So it went in pretty much every other history, for a few thousand years. In Egypt, places were saved in the tomb of Rameses II for his dozens of named sons. In the Mahabharata, the Sanskrit classic written at India’s great Maurya and Gupta courts, descendants of The Great Sun have 10,000, or 10,000 x 10, or 10,000 x 10 x 10 sons. No daughters are mentioned. And in China, the importance of being a boy was established as early as the Shi jing odes. Sons slept in cradles, and played with jade scepters. “He shall be the lord of a hereditary house.” Daughters slept on the floor, and played with loom shuttles. “She shall not cause trouble to her parents.”
But it was otherwise before history was written.

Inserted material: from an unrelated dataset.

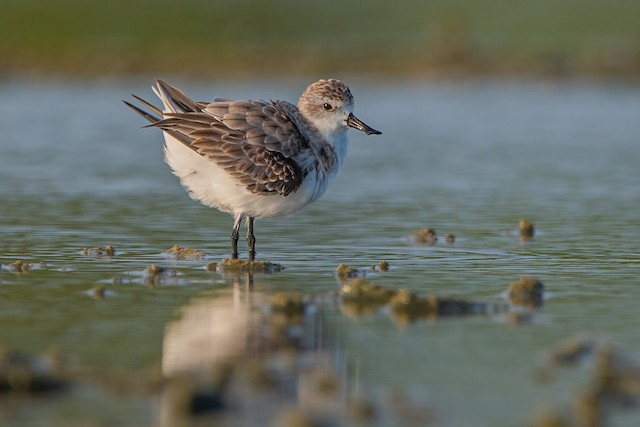 Formative Plumage. - Spoon-billed Sandpiper -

For upwards of 100,000 years, hunter-gatherer daughters were probably as likely to inherit property, as likely to decide where to raise their families, and as likely to make a name for themselves as their forager brothers. We know that, because foragers are like that now.

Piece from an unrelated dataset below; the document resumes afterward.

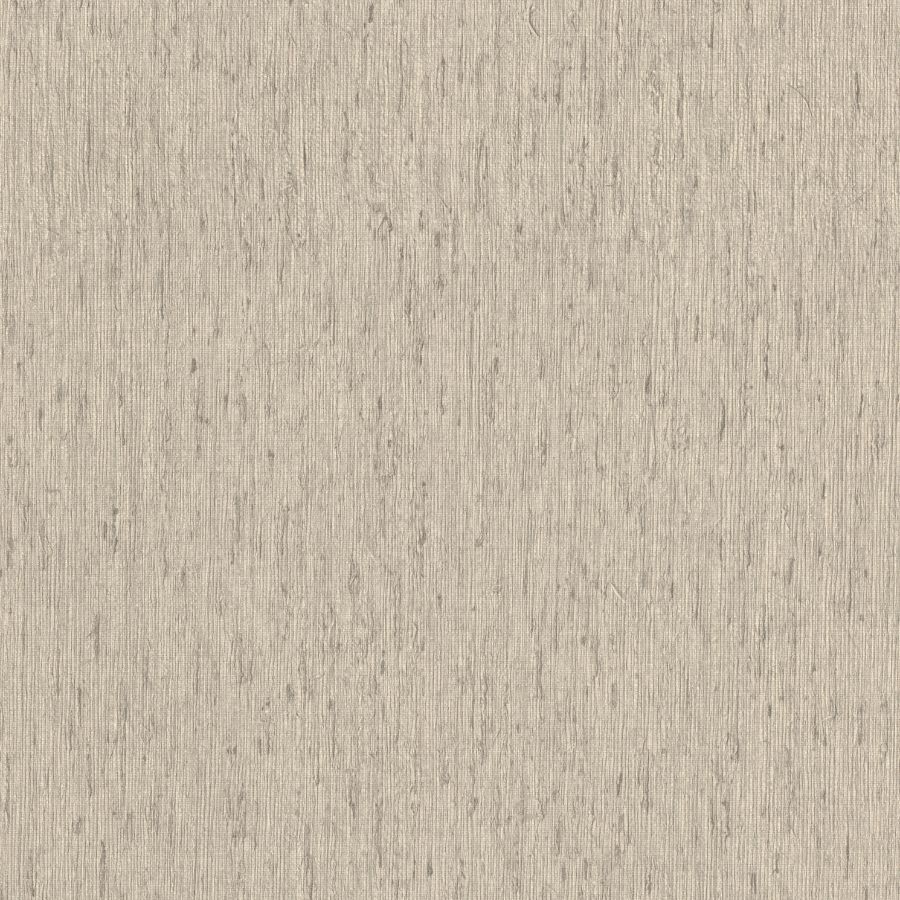 Purchase 4202-571035 A-Street Wallpaper, Roison Dove Birch Bark - Springhill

On the Kalahari, for instance, just 40% of !nore waterholes, a most valuable resource, are passed on from father to son. The rest are inherited from mothers, from neither parent, or from both.
In Paraguay, newlywed Aché are much more likely to set up housekeeping near a wife’s family (16 cases) than near a husband’s family (2 cases) or neither’s family (2 cases).
And across hunter-gatherer cultures, descent is less often through mothers than it is through fathers—but not uncommon through mothers, who give children their names about a third of the time.
In sum: Egalitarianism and sexual egalitarianism correspond. Women are all but invisible in the polygynous despotisms of history. But in most hunter-gatherer societies, they're as well-known as men. And they're well-known in our own.